Canopy Growth Stock Drops 14% in Response to Company's Staggering $1.28 Billion Loss

August 15, 2019 12:30 PM PST

Canopy Growth (TSE: WEED), Canada’s biggest cannabis company, burned away 14.9% of its stock valuation following the release of its troubling Q1 earnings report after Wednesday’s market close.

Canopy offered no shortage of items for investors to fret over. First, there’s its net loss of CAD$1.28 billion, though it attributes about $1.18 billion of this to an expected non-cash extinguishment of warrants held by Constellation Brands (NYSE: STZ), the Fortune 500 corporation with a 38% stake in Canopy. This equals a quarterly loss of $3.70 a share, 428.6% worse than Wall Street expectations of just $0.70 cents a share.

Then there’s the 3.8% decline in net revenue from the previous quarter, from $94.1 million to $90.5 million, falling short of analyst expectations despite increasing dry cannabis sales by 13% to 10,549 kilograms.

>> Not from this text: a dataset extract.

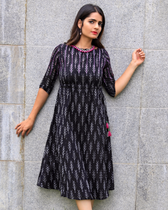 Black leaf ikat dress with tassels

Motley Fool chalks this up to a substantial decline in higher-margin oil and softgel sales, from 40% of the company’s total cannabis sales to just 20%. Gross margins worsened as well, though more modestly, edging a single point down from 16% to 15%, primarily due to heavy investment in facilities that have yet to ramp up production.

Adjusted EBITDA fared slightly better, easing 6.1% to a loss of $92 million from last quarter’s $97.7 million.

The company appears to be losing market share as competitors move in on the massive player’s first-mover advantage. Though CEO Mark Zekulin assures that Canopy still holds “one quarter to one third market share” of the Canadian cannabis market, it is moving closer toward the lower bound of that range.

At the time of writing, the stock is down to $36.18 a share, 14.9% lower than yesterday’s close before the bad news and 48.2% down from its 2019 peak of $36.33 a share last April.

This hasn’t stopped recently-ousted Canopy ex-CEO Bruce Linton from snapping up more shares in what he calls this “August sale” on Thursday. While the company is certainly falling on some troubled times, it maintains the biggest cash reserves among Canadian growers with $3.1 billion in cash and cash equivalents, even after the recent deal with Acreage. Whether Zekulin can turn around the company’s fortunes over the coming months is the question of the day.